Я его по голосу узнал: это был наш парень, коршевский, а служил в милиции. «Нет, Паша, — отвечаю, — это убитый, и он тут не один».
У верхового и голос изменился: «Что же тут произошло?»
Я говорю: «Тут было страшное...»
Утром приехали из Чесменки, из Боброва, началось следствие.

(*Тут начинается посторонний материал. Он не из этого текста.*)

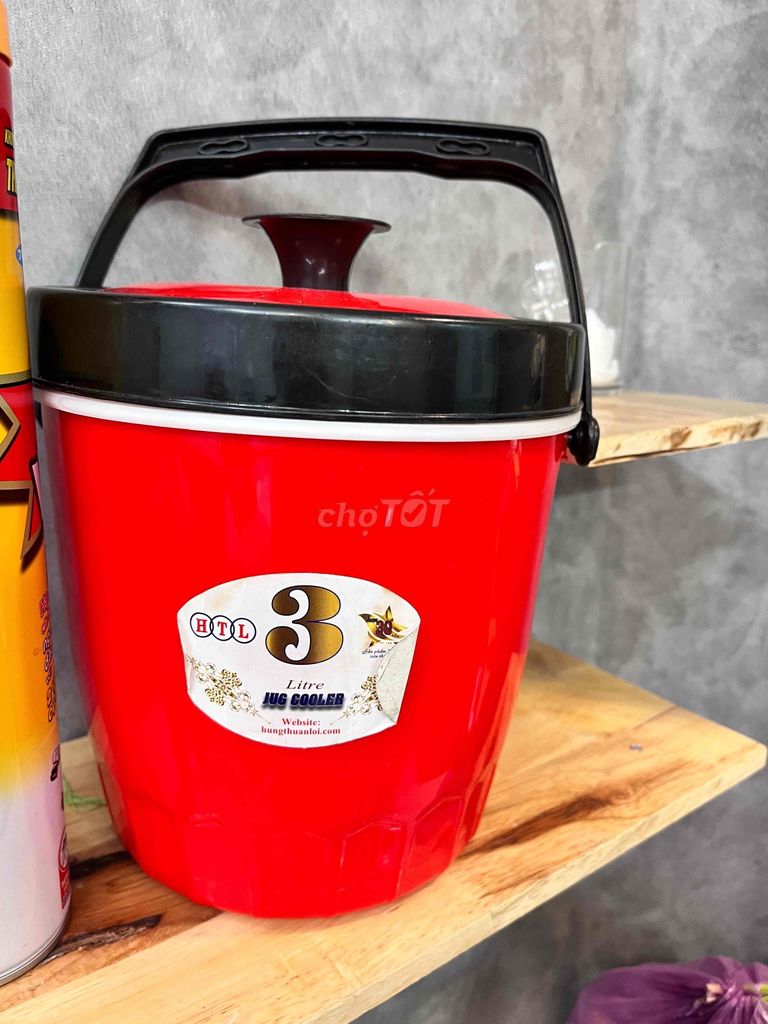 Bình nước HTL 3 lít màu Đỏ. Mua bán Nội thất, đồ gia dụng khác tại Quận 7 Tp Hồ Chí Minh được đăng bởi Thuychi hình 1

...Федор Михайлович рассказывает, как в Песковатке поймали главаря банды. Он хотел переправиться через реку и прятался под крутым берегом за льдиной. И как на следствии путал: преступников «не угадывал», а невинных приплетал. К нему подвели военного, переодетого в крестьянскую шубу: «А этот человек был?» Он говорит: «Был». Так и убедились, что он оговаривает. Потом суд, приговор. Что заслужили выродки, получили сполна.
А лучших людей, товарищей дорогих, уже не вернуть.
3
Рассказывает Тимашов, как создавались колхозы. Сначала один громадный, на все село. Но как управляться с такой массой земли, скота, инвентаря, как организовать людей, учитывать их труд — никто не знал. И колхоз-гигант распался еще до весеннего сева.

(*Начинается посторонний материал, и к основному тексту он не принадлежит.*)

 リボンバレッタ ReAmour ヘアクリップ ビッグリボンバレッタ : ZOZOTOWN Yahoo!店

Но люди уже хотели работать сообща. И вот, как грибы после дождя, стали нарождаться мелкие колхозы.
— На каждой улице свой колхоз, — улыбается Федор Михайлович. — «Знамя революции», «Балтфлот», имени Ильича, «Комсомолец», «Восьмое марта»... Всех и не упомнишь.
А сливались они постепенно, когда трактора появились.
Зимой Бобровская МТС организовала в Коршеве вечерние курсы трактористов. Стала и Мотя проситься на курсы.
— Она под меня такой ключик подобрала, — вспоминает отец. — «Все равно, мол, я с девками на улицу прохожу. Гармонь там, пляска — обувку бить буду. А то и полсапожки целы, и, глядишь, научимся чему-нибудь». Я вижу: годов немного, а мысли здравые, значит, пусть идет. Вот мать долго не соглашалась.
— На что не надо, ты, дед, памятливый! — притворно замахивается на него Анна Алексеевна. — Зимой самая наша женская работа — прясть, ткать, — говорит она задумчиво. — Не выткешь, бывало, юбчонку, так и надеть нечего. Полсапожки те у нее одни были, про свят день. А в чем она на курсы пошла? Пиджачишко суконный домотканый, на ногах — поршни. Вы видели когда-нибудь поршни?